## Problem
Before returning the data, strip out the pictures and keep everything else exactly the same.

## Data provided
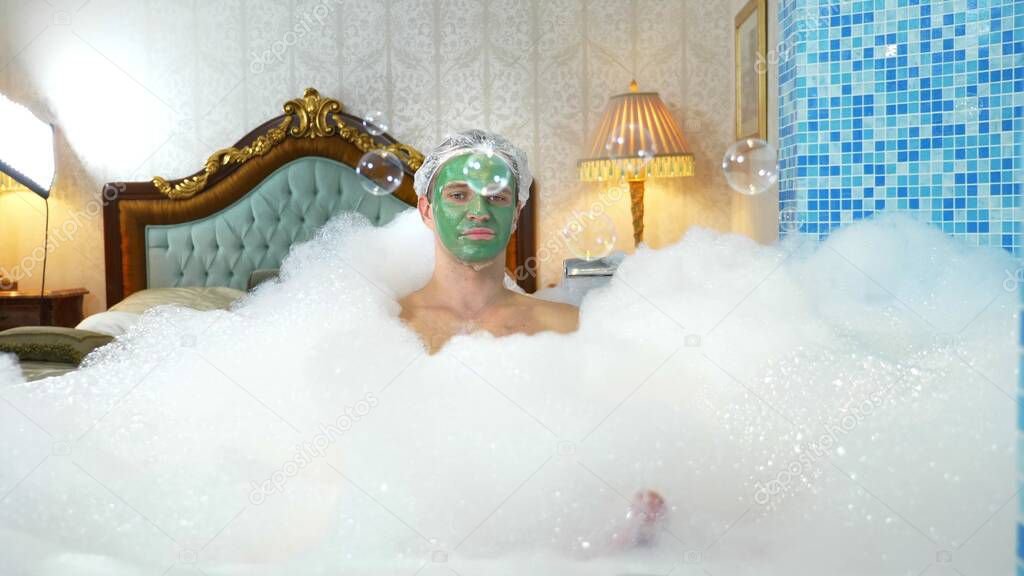 emotional cute man with clay mask in a bathing cap, blowing soap bubbles while lying in a bathtub with plentiful foam. humorous concept. copy space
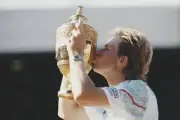Swedish tennis player Stefan Edberg kisses the Gentlemen's Singles- Old Photo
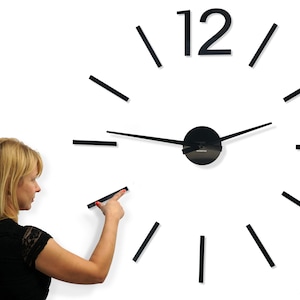 May include: A modern wall clock with black numerals and hour markers. The clock's hands are black, and the clock is being installed on a white wall. A woman is pointing at the clock.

## Result of the exercise
 emotional cute man with clay mask in a bathing cap, blowing soap bubbles while lying in a bathtub with plentiful foam. humorous concept. copy space
Swedish tennis player Stefan Edberg kisses the Gentlemen's Singles- Old Photo
 May include: A modern wall clock with black numerals and hour markers. The clock's hands are black, and the clock is being installed on a white wall. A woman is pointing at the clock.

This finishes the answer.